Source data |
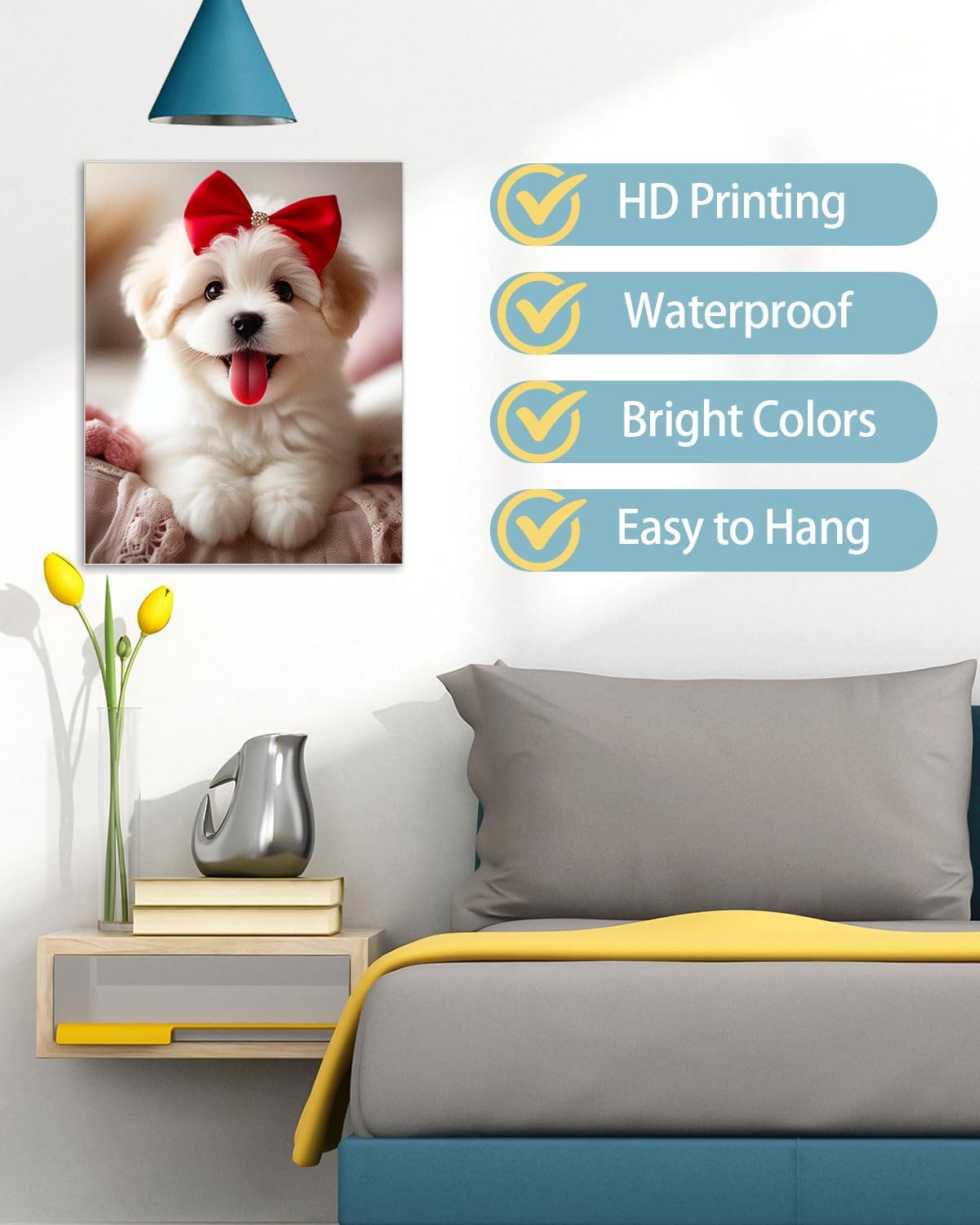 AbcCustomize Canvas Prints with Your Photos，Custom Canvas Wall Art for Bedroom, Living Room, Farmhouse Decor，Personalized Gifts Canvas Prints for Family，Friend，Lover，Pet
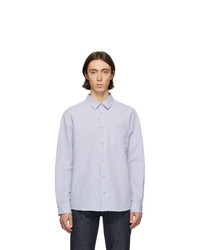 White and Blue Vertical Striped Seersucker Long Sleeve Shirt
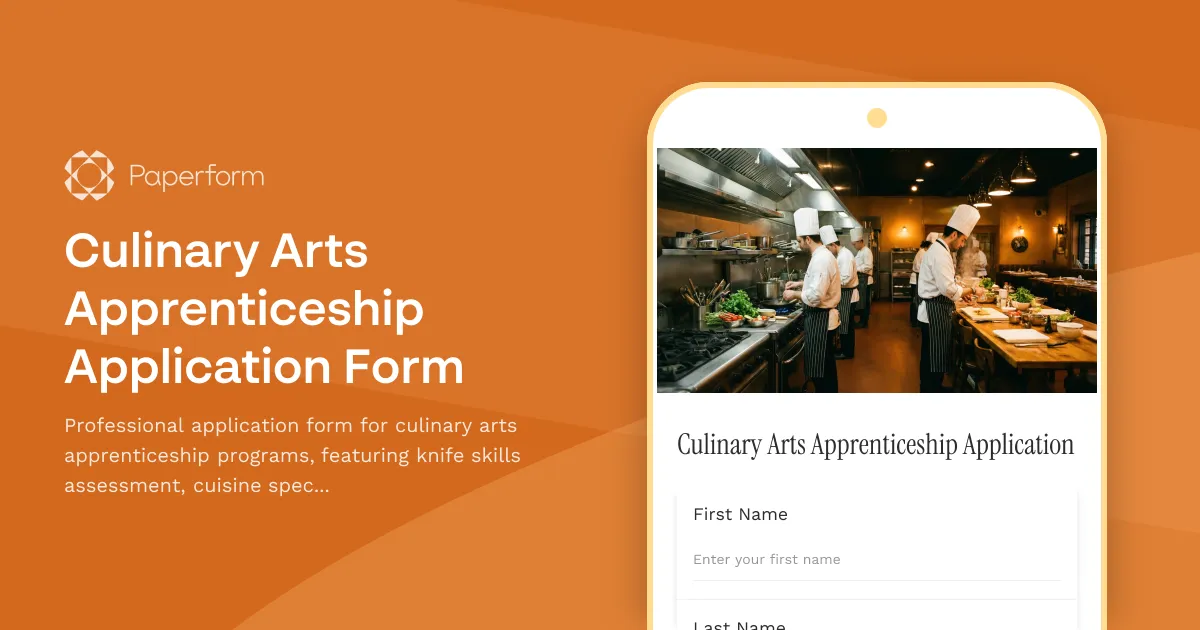 Culinary Arts Apprenticeship Application Form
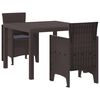 vidaXL Garden Dining Set 3 pcs Brown Polt rattan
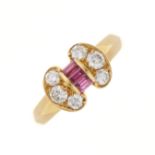 Van Cleef & Arpels, an 18ct gold diamond and ruby bow ring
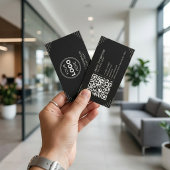 Carte De Visite Black Luxury Art Deco QR Code Minimal Design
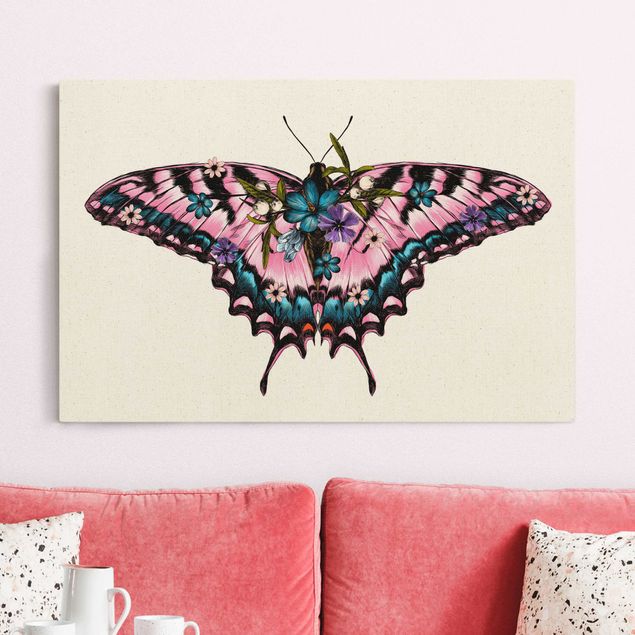 Tableau tigre Illustration -  Papillon machaon floral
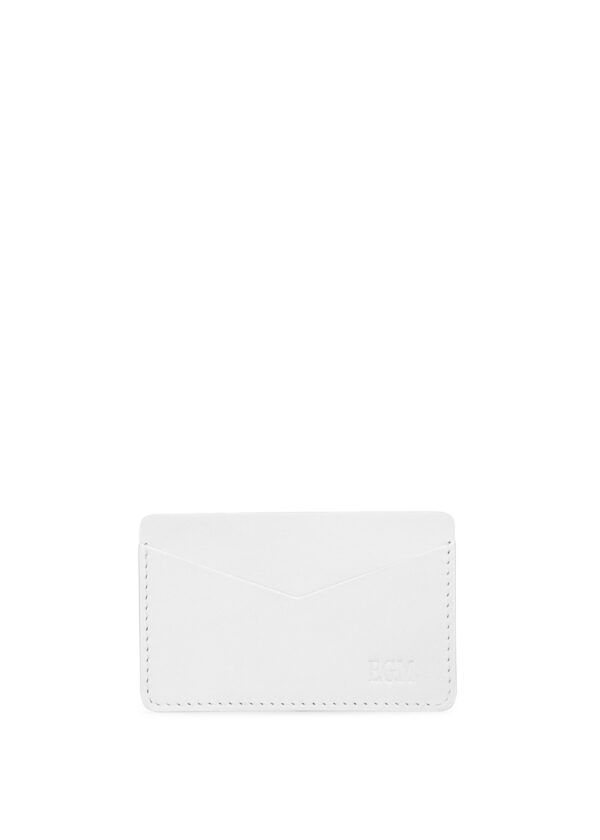Карманный картхолде из натуральной гладкой кожи белого цвета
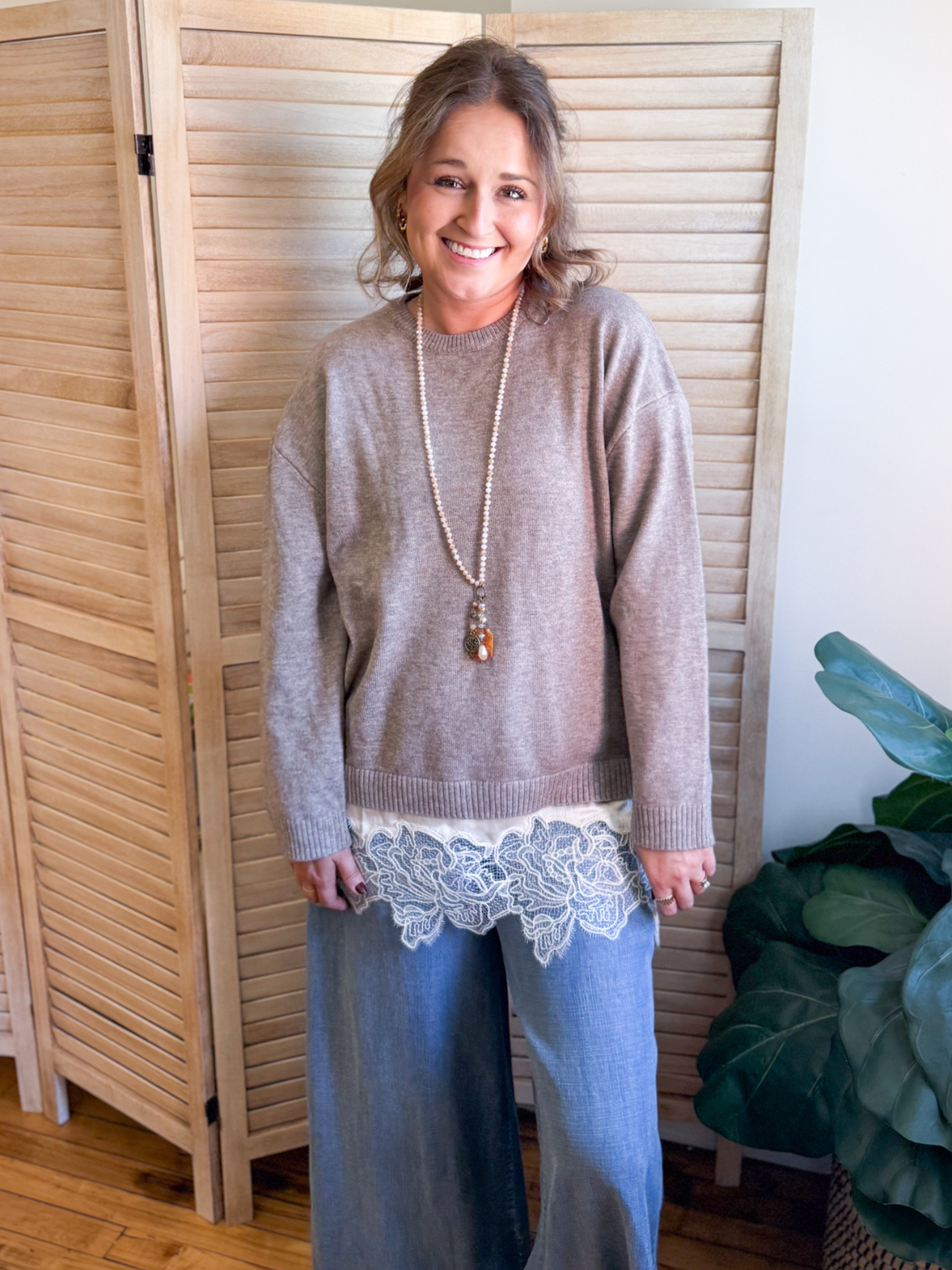Breanne Lace Trim Sweater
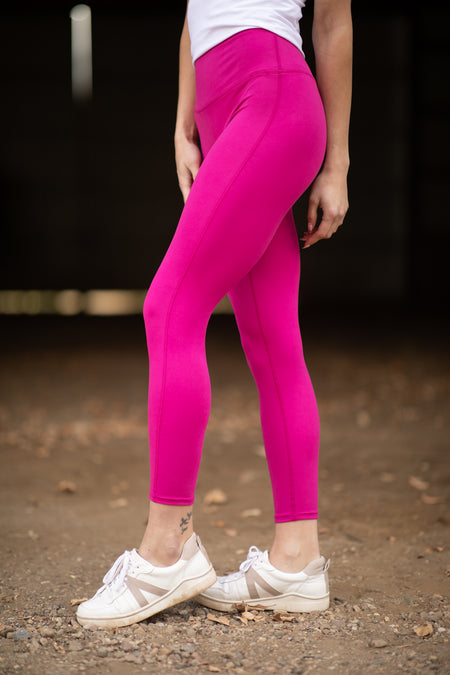 Pink High Waist Wide Waistband Leggings - Filly Flair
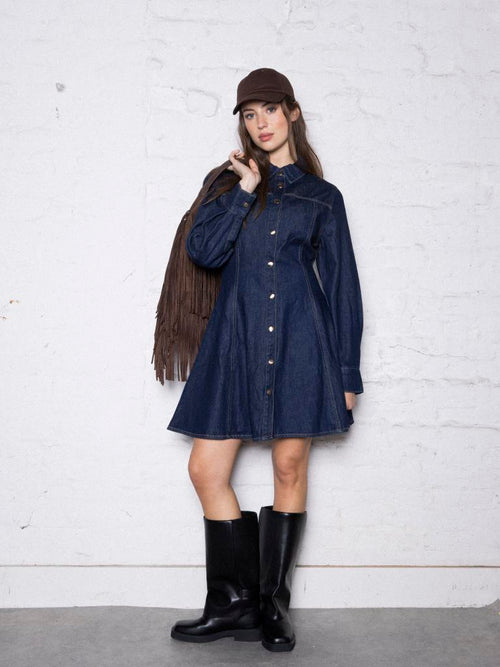 Robe en jean courte évasée et boutonnée - PIMKIE - 1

Problem description | Your task is to repeat only the lines from the line containing "vidaXL Garden Dining" through the final line of the material, inclusive; do not include pictures.

Reply |
 vidaXL Garden Dining Set 3 pcs Brown Polt rattan
 Van Cleef & Arpels, an 18ct gold diamond and ruby bow ring
 Carte De Visite Black Luxury Art Deco QR Code Minimal Design
 Tableau tigre Illustration -  Papillon machaon floral
Карманный картхолде из натуральной гладкой кожи белого цвета
Breanne Lace Trim Sweater
 Pink High Waist Wide Waistband Leggings - Filly Flair
 Robe en jean courte évasée et boutonnée - PIMKIE - 1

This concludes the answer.